INPUT FOR THIS TASK:
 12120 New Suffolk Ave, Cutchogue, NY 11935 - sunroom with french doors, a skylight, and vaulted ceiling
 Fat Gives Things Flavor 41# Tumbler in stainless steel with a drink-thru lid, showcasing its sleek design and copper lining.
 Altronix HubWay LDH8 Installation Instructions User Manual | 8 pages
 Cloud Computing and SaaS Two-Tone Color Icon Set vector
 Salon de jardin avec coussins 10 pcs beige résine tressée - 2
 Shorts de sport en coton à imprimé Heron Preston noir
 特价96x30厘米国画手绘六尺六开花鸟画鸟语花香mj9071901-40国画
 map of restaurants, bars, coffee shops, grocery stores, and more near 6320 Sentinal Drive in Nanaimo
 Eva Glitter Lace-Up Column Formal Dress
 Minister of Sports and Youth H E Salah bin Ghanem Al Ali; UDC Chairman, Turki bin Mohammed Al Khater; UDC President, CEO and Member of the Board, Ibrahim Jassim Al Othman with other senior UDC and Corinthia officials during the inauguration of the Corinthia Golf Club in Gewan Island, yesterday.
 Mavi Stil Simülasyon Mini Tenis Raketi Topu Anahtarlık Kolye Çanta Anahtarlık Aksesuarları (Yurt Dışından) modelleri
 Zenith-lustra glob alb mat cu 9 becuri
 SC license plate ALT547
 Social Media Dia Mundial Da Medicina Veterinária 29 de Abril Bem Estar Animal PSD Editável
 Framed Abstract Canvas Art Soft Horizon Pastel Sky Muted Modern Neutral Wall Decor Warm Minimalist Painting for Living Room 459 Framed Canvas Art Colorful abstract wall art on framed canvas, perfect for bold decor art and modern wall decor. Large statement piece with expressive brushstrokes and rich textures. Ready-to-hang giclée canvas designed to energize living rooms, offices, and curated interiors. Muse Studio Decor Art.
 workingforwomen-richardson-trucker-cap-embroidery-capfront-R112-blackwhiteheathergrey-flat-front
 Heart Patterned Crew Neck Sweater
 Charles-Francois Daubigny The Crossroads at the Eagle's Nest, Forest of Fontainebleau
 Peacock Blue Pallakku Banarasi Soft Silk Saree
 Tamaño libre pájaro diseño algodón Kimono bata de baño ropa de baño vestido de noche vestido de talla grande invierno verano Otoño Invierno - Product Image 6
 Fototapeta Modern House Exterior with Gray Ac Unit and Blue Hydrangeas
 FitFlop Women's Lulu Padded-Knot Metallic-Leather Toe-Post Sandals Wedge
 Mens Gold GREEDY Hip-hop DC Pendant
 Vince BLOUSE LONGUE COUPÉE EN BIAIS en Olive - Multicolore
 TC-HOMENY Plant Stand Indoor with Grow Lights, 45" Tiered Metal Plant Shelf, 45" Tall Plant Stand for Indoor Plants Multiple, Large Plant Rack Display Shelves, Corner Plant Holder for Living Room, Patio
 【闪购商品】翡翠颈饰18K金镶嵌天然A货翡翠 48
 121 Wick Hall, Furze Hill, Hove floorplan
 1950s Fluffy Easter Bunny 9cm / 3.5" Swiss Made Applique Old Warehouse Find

WORK REQUIRED: Please print the listing exactly, keeping each line as it is.

EXERCISE RESPONSE:
 12120 New Suffolk Ave, Cutchogue, NY 11935 - sunroom with french doors, a skylight, and vaulted ceiling
 Fat Gives Things Flavor 41# Tumbler in stainless steel with a drink-thru lid, showcasing its sleek design and copper lining.
 Altronix HubWay LDH8 Installation Instructions User Manual | 8 pages
 Cloud Computing and SaaS Two-Tone Color Icon Set vector
 Salon de jardin avec coussins 10 pcs beige résine tressée - 2
 Shorts de sport en coton à imprimé Heron Preston noir
 特价96x30厘米国画手绘六尺六开花鸟画鸟语花香mj9071901-40国画
 map of restaurants, bars, coffee shops, grocery stores, and more near 6320 Sentinal Drive in Nanaimo
 Eva Glitter Lace-Up Column Formal Dress
 Minister of Sports and Youth H E Salah bin Ghanem Al Ali; UDC Chairman, Turki bin Mohammed Al Khater; UDC President, CEO and Member of the Board, Ibrahim Jassim Al Othman with other senior UDC and Corinthia officials during the inauguration of the Corinthia Golf Club in Gewan Island, yesterday.
 Mavi Stil Simülasyon Mini Tenis Raketi Topu Anahtarlık Kolye Çanta Anahtarlık Aksesuarları (Yurt Dışından) modelleri
 Zenith-lustra glob alb mat cu 9 becuri
 SC license plate ALT547
 Social Media Dia Mundial Da Medicina Veterinária 29 de Abril Bem Estar Animal PSD Editável
 Framed Abstract Canvas Art Soft Horizon Pastel Sky Muted Modern Neutral Wall Decor Warm Minimalist Painting for Living Room 459 Framed Canvas Art Colorful abstract wall art on framed canvas, perfect for bold decor art and modern wall decor. Large statement piece with expressive brushstrokes and rich textures. Ready-to-hang giclée canvas designed to energize living rooms, offices, and curated interiors. Muse Studio Decor Art.
 workingforwomen-richardson-trucker-cap-embroidery-capfront-R112-blackwhiteheathergrey-flat-front
 Heart Patterned Crew Neck Sweater
 Charles-Francois Daubigny The Crossroads at the Eagle's Nest, Forest of Fontainebleau
 Peacock Blue Pallakku Banarasi Soft Silk Saree
 Tamaño libre pájaro diseño algodón Kimono bata de baño ropa de baño vestido de noche vestido de talla grande invierno verano Otoño Invierno - Product Image 6
 Fototapeta Modern House Exterior with Gray Ac Unit and Blue Hydrangeas
 FitFlop Women's Lulu Padded-Knot Metallic-Leather Toe-Post Sandals Wedge
 Mens Gold GREEDY Hip-hop DC Pendant
 Vince BLOUSE LONGUE COUPÉE EN BIAIS en Olive - Multicolore
 TC-HOMENY Plant Stand Indoor with Grow Lights, 45" Tiered Metal Plant Shelf, 45" Tall Plant Stand for Indoor Plants Multiple, Large Plant Rack Display Shelves, Corner Plant Holder for Living Room, Patio
 【闪购商品】翡翠颈饰18K金镶嵌天然A货翡翠 48
 121 Wick Hall, Furze Hill, Hove floorplan
 1950s Fluffy Easter Bunny 9cm / 3.5" Swiss Made Applique Old Warehouse Find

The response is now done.